By John Burnett
May 03, 2017
Of all the wild places along the U.S.-Mexico border, Big Bend National Park, named for the great curve of the Rio Grande, is the gem.
In Santa Elena Canyon in west Texas, the international river flows between 1,500-foot-tall sheer walls of limestone — a study in light, shadow, water and time.
The Big Bend region — where the ghostly Chisos Mountains rise out of the prickly Chihuahuan Desert — is sacred ground. As writer Marion Winik described, it’s “what I imagine the mind of God looks like.”
President Trump’s executive order calls for an impregnable wall along the border, which includes 118 miles of river shared by the national park and Mexico. But in a rare show of unity, Democrats and Republicans and city and rural officeholders in Texas don’t want the wall built through here.
Critics say it would be unsightly and prohibitively expensive, it would harm wildlife and that it’s superfluous considering how the unforgiving terrain is a natural barrier.
Trump has vowed to forge ahead with his border wall despite opposition. His administration plans to select a prototype this summer and hopes to convince Congress to fund it next fiscal year. The administration also acknowledges the wall won’t cross all 2,000 miles, though specific plans haven’t been released yet.
“I would like to invite President Trump or any of his cabinet to come down here. I’ll give ’em a free trip on the river, and they can see how unnecessary a wall would be here and the construction and everything involved to create it would just be the worst thing you could ever do,” says Charlie Angell, a local outfitter who runs river trips up the canyon. “You might as well take away the park if that happens.”
Whiskered and sun-bronzed, he stands under a rock ledge, his red canoe beached a short distance away.
“I’ve got the boats, I’ve got the paddles and life jackets. We’ll give [the president] a free lunch. Get out here and see. That way you can cross this area of the border off the list,” he says.
“For us, we’re not pressing the actual brick-and-mortar-style wall here. That’s not our objective,” says Lee Smith, a career agent and local union president. “We’ve told everyone from the [Trump] transition team to the current administration, for us here locally in Big Bend, what we need is [more] manpower.”
While Smith is interviewed in the breakfast room of a motel on Highway 90, a retired electrician from Cleveland eavesdrops from another table. Dave Wickam is just passing through on his Harley — but everybody has an opinion on Trump’s border barrier.
Wickam believes an ugly wall, installed as a quick political fix, would scar the land in perpetuity.
“People will build stuff but … they never tear it down and restore it,” he says. “It’ll be like Hadrian’s Wall in England going across there, but it won’t be pretty.”
‘Something … even greater than the wall’
Customs and Border Protection has identified sectors in San Diego, Calif., Tucson, Ariz., El Paso, Texas, and the Rio Grande Valley as places where a new wall is needed, but not this lonesome corner of Texas. Along the entire border, the Big Bend sector has had the fewest apprehensions of illegal crossers every year for the past 44 years.
Albert and Bill Miller run black angus cattle on ranches that cover an area more than twice the size of Manhattan.

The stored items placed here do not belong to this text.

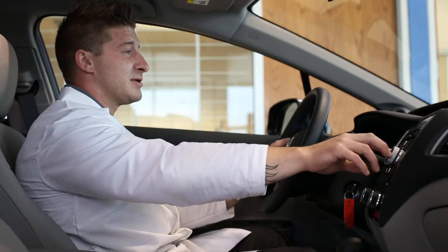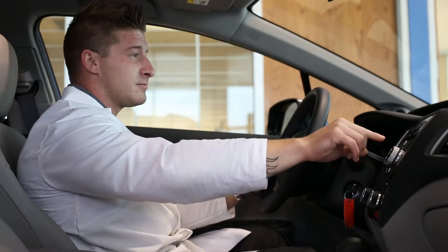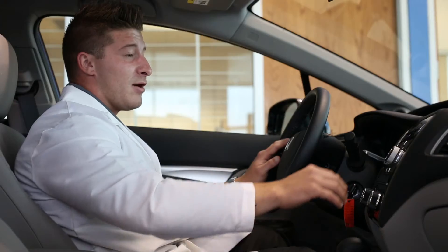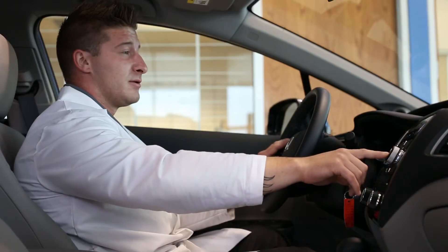Alright, now that we've selected text message, since we do have a new message, and we would like to read it to us. Now, after it's read the text message to us, we have the option to reply or to ignore.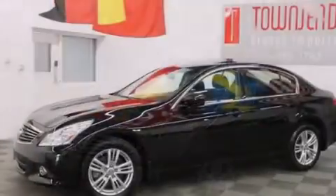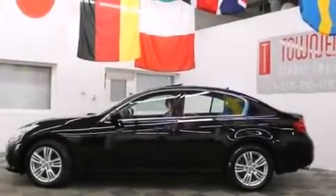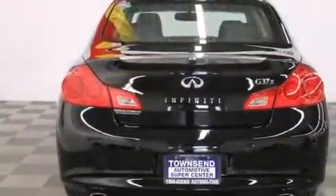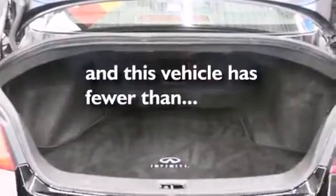The following features are also included: a low-tire pressure indicator, dual power seats, cruise control, a leather-wrapped shift knob, front and rear floor mats, front multi-stage airbags, air conditioning, an auto-dimming rear-view mirror, a home-length feature, and this vehicle has fewer than 46,000 miles on the odometer.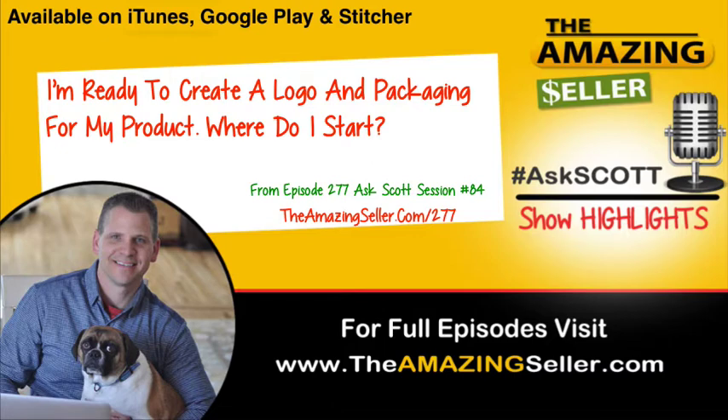Hi Scott, my name is Toby and I'm from Israel. I want to first of all thank you for the podcast and all the videos on YouTube — they're great, really helpful, and I've learned a lot. My question is: what's the best suggestion to design a product logo and branding, where do you do that, how much is it supposed to cost, and where can I get it done at the lowest price? Thank you very much again, you're great, bye.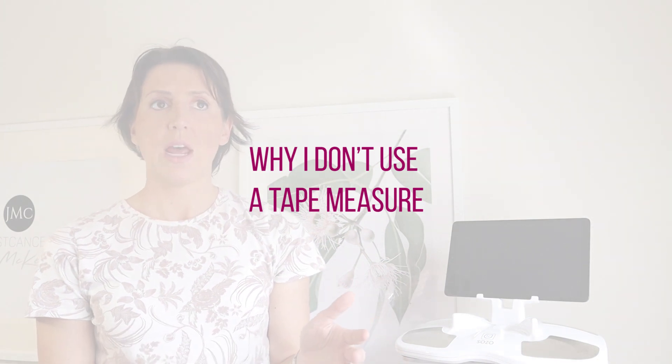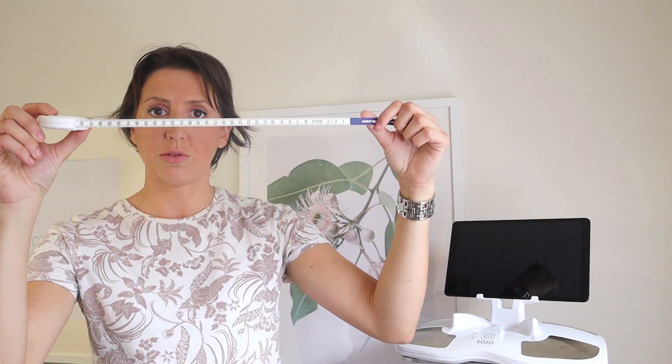Now, historically, lymphedema therapists have relied partly on a tape measure for circumferential measurements. The reason I don't tend to use a tape measure for diagnosing lymphedema is because of the medical technology available today. The problem with tape measurements is that if, say, you have a dominant right arm that's at risk of lymphedema, you may not be accounting for the fact that person may have considerably more muscle mass on that dominant side.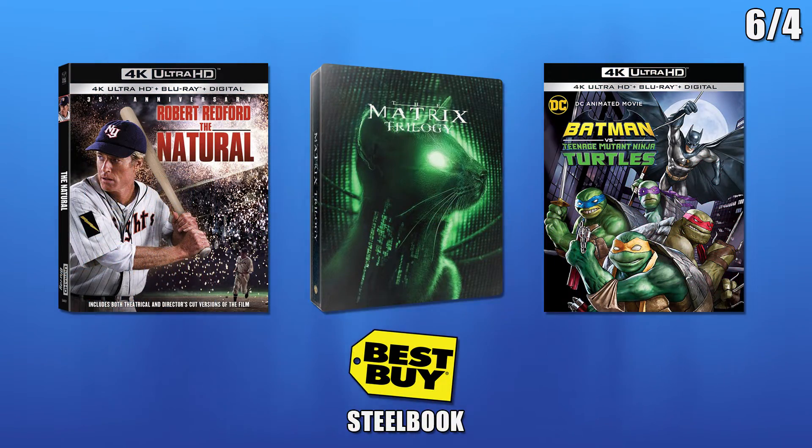The last releases on the 4th are for The Natural, Batman vs. Teenage Mutant Ninja Turtles, and The Matrix trilogy Best Buy exclusive Steelbook.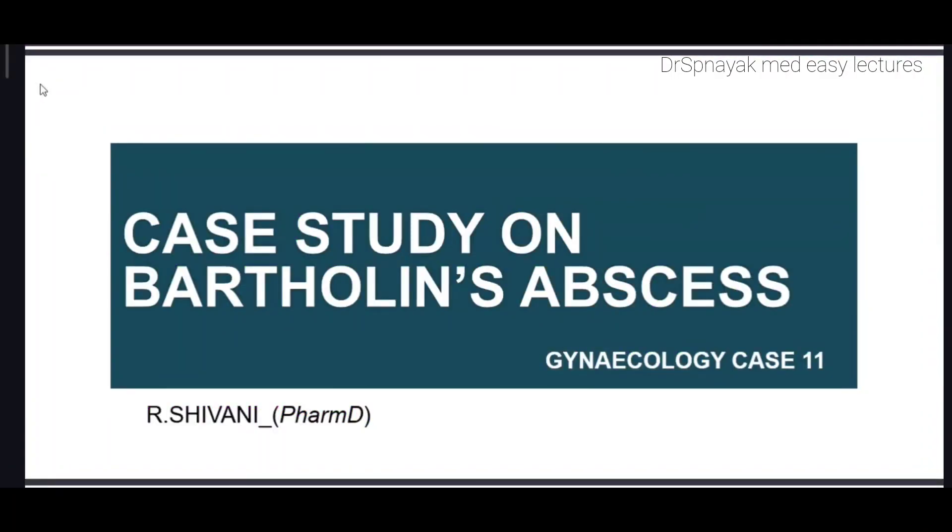Good evening everyone. Today we are back with another case of gynecology. This is the 11th case and it is a case study on Bartholin's abscess.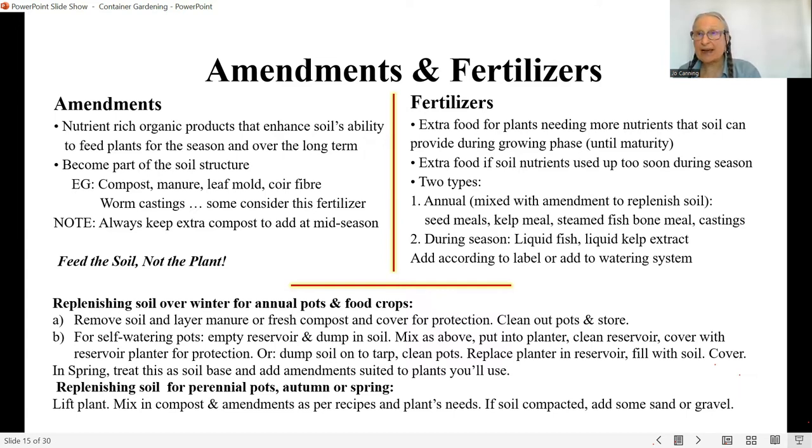You always want to start with a rich base and be prepared to give it light feeding. Extra food comes in two types. The annual type is mixed in with amendments when you freshen your soil: seed meals like canola meal and sunflower seed meal, kelp meal, steamed fish and steamed fish bone meal, and castings. During the season, liquid fertilizers are your key — you already know your volume so you can add it according to the label, adding it to the soil or into your watering system.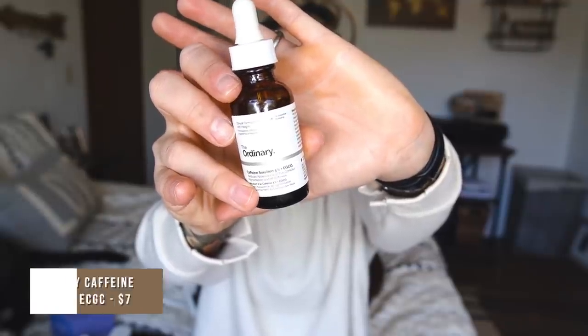Speaking of puffiness, this was highly recommended — this is by the brand The Ordinary and it is the Caffeine Solution 5% EGCG, which reduces the appearance of eye contour pigmentation and puffiness. I have serious under-eye baggage and puffiness especially in the morning. After my regular serums I just tap this on my under eyes and it definitely helps with the puffiness. I only just started using it this week so I want to use the full bottle before deciding whether I love it.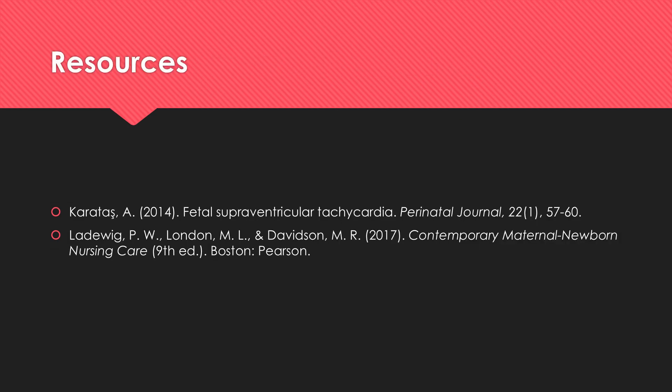Here are my resources. I have one article and a lot of the information can be found in the maternal newborn nursing book.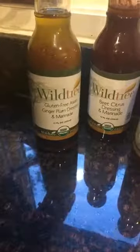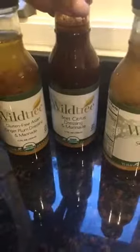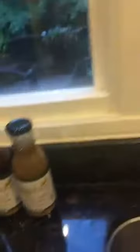I'm going to show you a couple of the salad dressings right here. These are some of the salad dressings we're featuring tonight: our gluten-free Asian ginger plum dressing, our beet citrus dressing, and our sweet onion dressing. And the beet citrus dressing goes really well in a smoothie too.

Albert Miller knows how hard it is for an immigrant to even reach his land. “They’re already crossing 10 miles of inhospitable country and climbing a hundred-foot cliff,” he says, his pickup parked in a pasture of bluestem grass about 10 miles from the Rio Grande. He thinks Trump’s “big, beautiful wall” is pointless out here.
“I can’t see that it’s going to add anything to the barrier already in place with just the land and the mountains,” Miller says. “These guys that are comin’, they’re crossin’ something … even greater than the wall.”
The National Park Service declined to comment on the wall.
Big Bend’s wildlife biologist, Raymond Skiles, only agrees to talk about some of the park’s full-time residents: mountain lion, black bear, bighorn sheep and a rare, raccoon-like creature called the white-nosed coati. These mammals range back and forth across the Rio Grande to forage and keep their gene pools healthy. Moreover, Skiles says, in this arid environment they need to be able to get to the river.
“The Rio Grande is also the park’s most important water source for animals,” he says. “It’s as simple as that.”
In February, the Commissioners Court of Brewster County, which encompasses the national park, passed a resolution deeming the wall is unnecessary. This county that voted for Trump concluded it wouldn’t make them any safer.
“I’m a Brewster County native,” says commissioner Betse Esparza. “To imagine a wall in the midst of that landscape, which is beautiful. This is God’s country. It’s really unimaginable. I don’t want to think about it.”
These naysayers may get a reprieve. Last week, Homeland Security Secretary John Kelly told Bloomberg TV, “There are places we probably won’t build a wall,” and one of them is Big Bend.